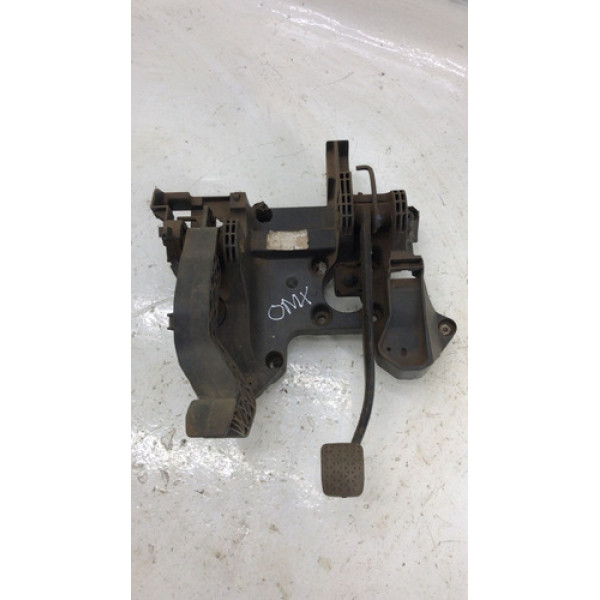 Pedal De Freio E Embreagem Sem Atuador Gm Onix 2015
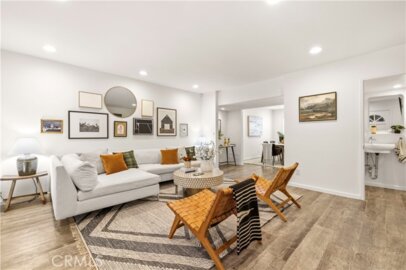 14238 Dickens #4 Photo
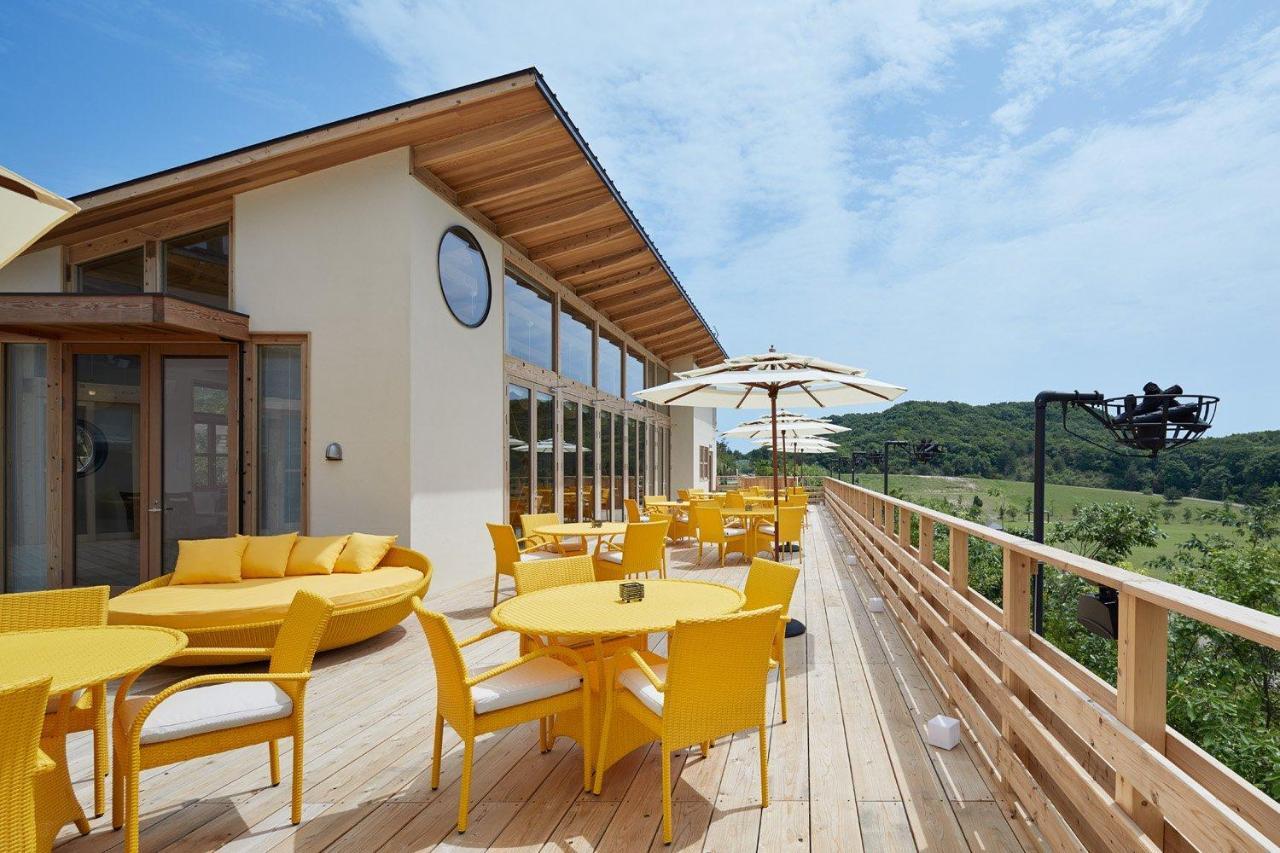 Grand Chariot Hokutoshichisei 135° Hotel Awaji Exterior photo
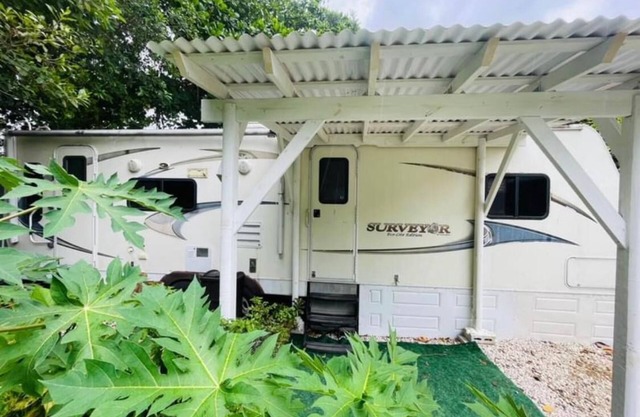 Charming Caravan in the Little Jungle by Legnalife, Homestead with WiFi, AC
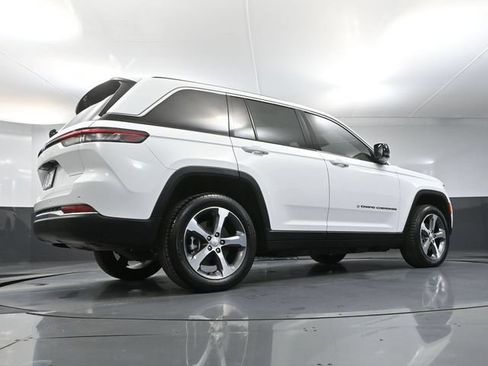 Used 2023 Jeep Grand Cherokee 4WD 4xe w/ Luxury Tech Group II image 58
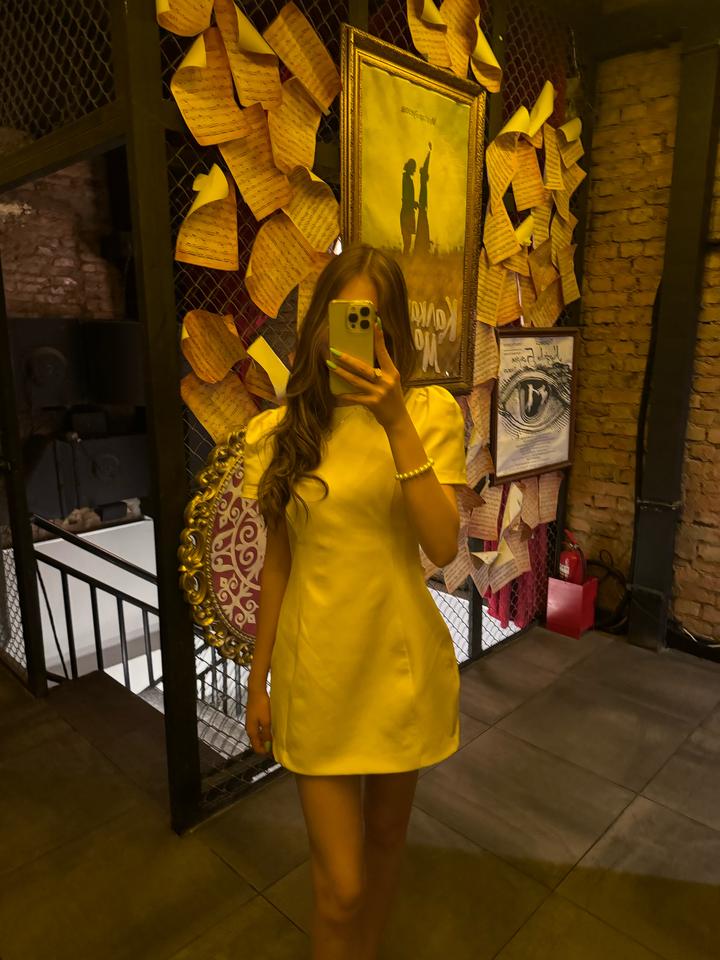 Zara Белое мини-платье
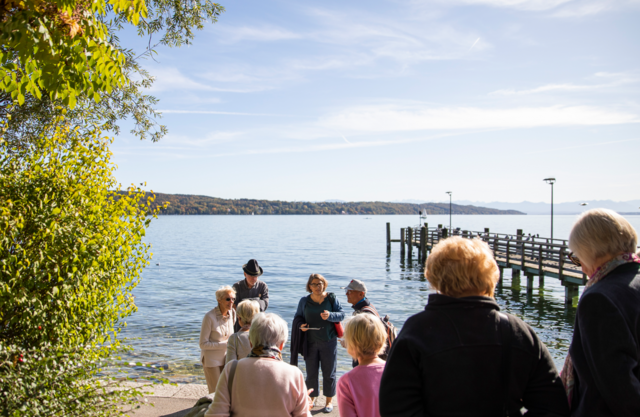 Gäste am Starnberger See bei einer Gruppenführung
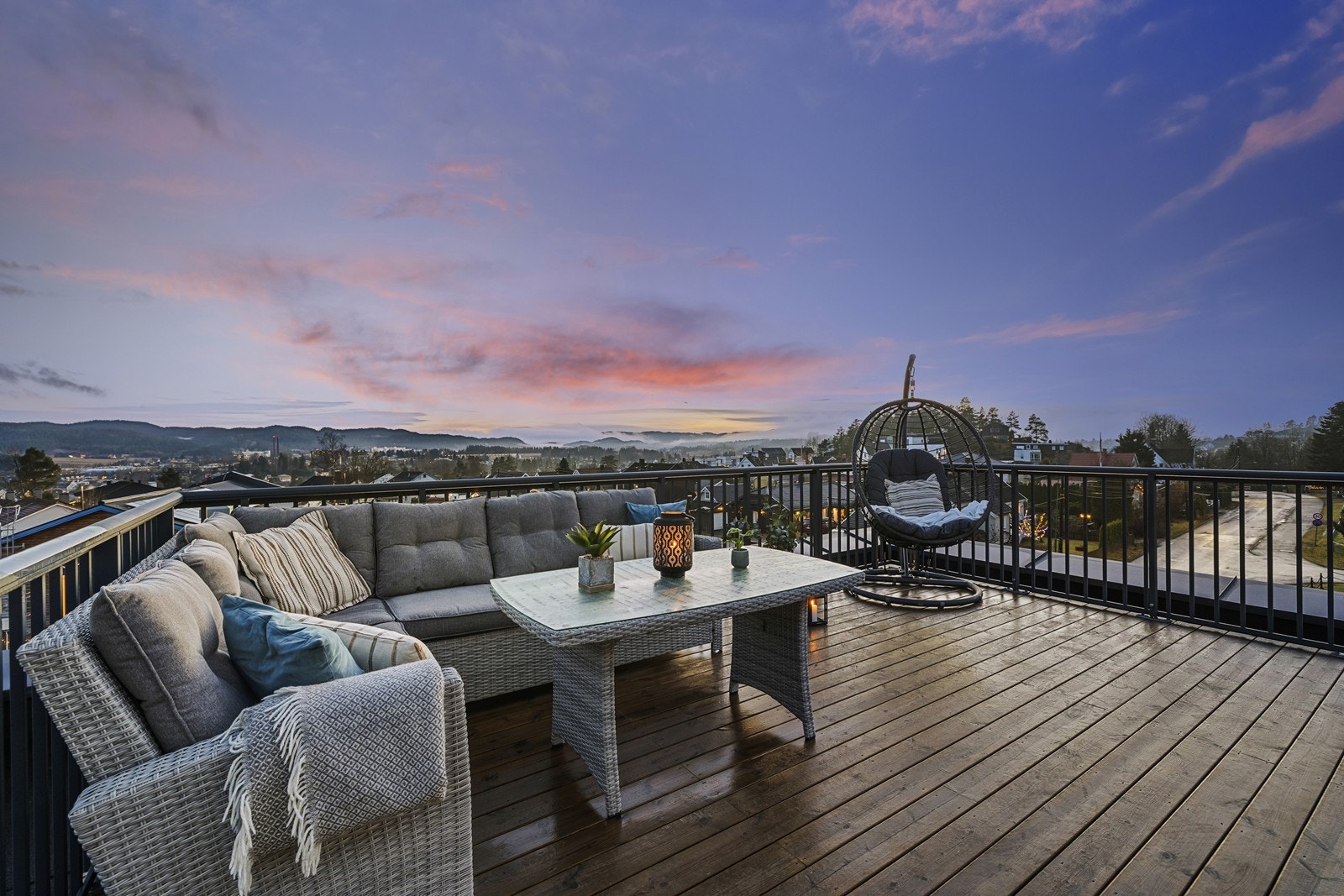 Svært gode lys- og utsiktsforhold over nærområdet. Galleribilde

> [Problem to work on] All of the entries above must be reproduced exactly, and no image may be included.

> [Answer box]
 Pedal De Freio E Embreagem Sem Atuador Gm Onix 2015
 14238 Dickens #4 Photo
 Grand Chariot Hokutoshichisei 135° Hotel Awaji Exterior photo
 Charming Caravan in the Little Jungle by Legnalife, Homestead with WiFi, AC
 Used 2023 Jeep Grand Cherokee 4WD 4xe w/ Luxury Tech Group II image 58
 Zara Белое мини-платье
 Gäste am Starnberger See bei einer Gruppenführung
 Svært gode lys- og utsiktsforhold over nærområdet. Galleribilde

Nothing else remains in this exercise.